Island by Nicola: Feuer, Eis und jede Menge Gemütlichkeit

Die „ewigen Südtypen“ ziehen gen Norden… Jedoch nur kurzfristig: nach unserer erfolglosen „Nordlichtjagd“ vor einigen Jahren in Finnland, haben wir einen neuen Anlauf gewagt und sind in den hohen Norden zu den Nachfahren der Wikinger geflogen, ins Land zahlreicher Filmaufnahmen in spektakulärer Landschaften…nach Island.

Weil der einzige Direktflug aus der Schweiz (mit easyJet ab Basel) in aller Herrgottsfrühe geht, waren wir bei der (immer noch sehr frühen) Landung auf dem Flughafen Keflavik wohl so übermüdet, dass wir zwar sehr wohl realisierten, wie die Isländer im Duty-Free Alkoholvorräte für gefühlt mehrere Jahre horteten, uns aber trotzdem nicht viel dabei dachten. Wir waren einfach froh, dass uns ein Vertreter der Autovermietung abholt und wir unseren geländegängigen Mietwagen mit Spike-Bereifung und inklusive „Vulkan-Asche-Versicherung (weniger wegen möglicher Vulkanausbrüche als vielmehr wegen heftigen Orkanböen, welche mittels des Vulkangerölls jedes Auto innert Minuten „blank schleifen“) rasch in Empfang nehmen und dabei mit Mühe und Not unser Gleichgewicht auf den völlig vereisten Strassen und Gehsteigen halten konnten (deshalb auch die Spikes). Auch die enorme Gemütlichkeit und Stressfreiheit der Isländer haben wir wegen der Müdigkeit lediglich am Rand registriert.
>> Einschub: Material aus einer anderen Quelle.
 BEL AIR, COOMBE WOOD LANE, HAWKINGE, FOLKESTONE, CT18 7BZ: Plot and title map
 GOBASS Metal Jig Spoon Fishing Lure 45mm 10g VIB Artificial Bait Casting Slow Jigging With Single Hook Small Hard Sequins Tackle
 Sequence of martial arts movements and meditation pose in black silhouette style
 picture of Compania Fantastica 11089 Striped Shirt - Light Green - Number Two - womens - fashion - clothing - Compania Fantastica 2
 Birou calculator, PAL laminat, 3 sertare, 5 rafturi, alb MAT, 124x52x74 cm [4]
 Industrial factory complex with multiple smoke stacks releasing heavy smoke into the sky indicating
Im gemieteten Apartment in Reykjavik angekommen, ist uns bei der ersten Erkundung der Hauptstadt (mit 200’000 Einwohner lebt hier etwa 2/3 der gesamten Bevölkerung Islands) jedoch einiges aufgefallen:

· An einem Herzinfarkt stirbt in Island definitiv niemand: die Öffnungszeiten selbst der grossen Läden sind maximal von 10:00 – 20:00 (die Regel ist eher 11:00 – 16:00), im Restaurant wird alles immer der Reihe nach erledigt (wenn wir z.B. bei unserer Bestellung Kaffee gewünscht haben und bereits sassen, wurde zuerst ohne Hektik der Kaffee serviert und erst dann der nächste Kunde begrüsst, auch wenn eine riesige Schlange gewartet hat) und auf der Autobahn gilt Tempo 90

· Island funktioniert nach einer „Selbstbedienungskultur“: Minibar im Zimmer oder Room-Service? Fehlanzeige. Bedienung im Restaurant am Tisch? Mit Ausnahme von Abendessen in sehr teuren Restaurants ein Unding (nicht einmal einkassiert wird am Tisch, sondern man bezahlt beim Gehen an der Bar). Eine kleine Schale Nüsschen zum Drink an der Bar? Holt man sich in kleinen Gläsern an der Bar. Selbst das (kostenlose) Wasser zum Essen holt man sich oft selbst am Wasserhahn. Wenn man sich erst einmal daran gewöhnt hat, ist das ganz ok.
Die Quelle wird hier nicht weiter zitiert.